The plaintiff claims to fall within s 9(2)(a). The statement of claim filed on 16 October 2015 alleges, in paragraph 2:
At all material times, the plaintiff was an excluded corporation under the Defamation Act 2005 (NSW) in that the objects for which it is formed do not include obtaining financial gain for its members or corporators and it is not a public body.
That allegation is not admitted by the ABC: see the defence filed 12 February 2016 at paragraph 2.
There is accordingly an issue in the proceedings as to whether the plaintiff is an "excluded corporation" within the meaning of the Defamation Act, which turns on the question whether, as at the time of publication of the matters complained of, the objects for which it is formed include obtaining financial gain for its members.

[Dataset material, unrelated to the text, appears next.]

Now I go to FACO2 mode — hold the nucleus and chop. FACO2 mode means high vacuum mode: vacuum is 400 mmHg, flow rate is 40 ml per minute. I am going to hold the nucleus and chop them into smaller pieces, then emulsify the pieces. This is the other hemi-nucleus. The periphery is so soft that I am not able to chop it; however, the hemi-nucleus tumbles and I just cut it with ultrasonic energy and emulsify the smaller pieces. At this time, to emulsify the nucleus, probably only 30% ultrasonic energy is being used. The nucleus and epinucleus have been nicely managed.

The ABC seeks orders for discovery and interrogatories directed to that issue. The plaintiff opposes the orders sought.
Mr Smark SC, who appears for the plaintiff, submitted that, for the purpose of s 9 of the Defamation Act, the objects of a corporation are to be determined by reference to its constitution and not otherwise. He submitted that the focus of the inquiry is not on the entity's "trading patterns" or its activities at any time but must be confined to its stated objects. Mr Dawson, who appears for the ABC, submitted that it is permissible to go beyond a corporation's constitution in order to ascertain its objects. He further submitted that, even if the objects of a corporation are to be ascertained exclusively by reference to its constitution or other relevant corporate document, the interlocutory steps sought here are necessary to assist in determining the proper construction of that document.

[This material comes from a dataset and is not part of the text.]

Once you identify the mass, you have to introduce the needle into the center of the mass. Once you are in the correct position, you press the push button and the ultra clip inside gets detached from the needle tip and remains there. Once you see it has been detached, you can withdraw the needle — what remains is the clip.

The parties had different views as to the approach the Court should take in determining the application. The ABC submitted that the question as to the proper approach in determining the objects for which a corporation is formed need not be determined finally for the purpose of determining interlocutory applications; it would be enough to sustain interlocutory steps if the Court were satisfied that the approach contended for by the ABC was reasonably arguable. Mr Smark submitted that it would not be appropriate to approach the interlocutory applications on that basis. He submitted that the competing positions of the parties raised a stark question which the Court must determine in order to assess whether the interlocutory steps sought by the ABC are "necessary", as required by the Defamation List Practice Note SC CL 4, clause 17 and, in the case of the proposed interrogatories, under r 22.1 of the UCPR.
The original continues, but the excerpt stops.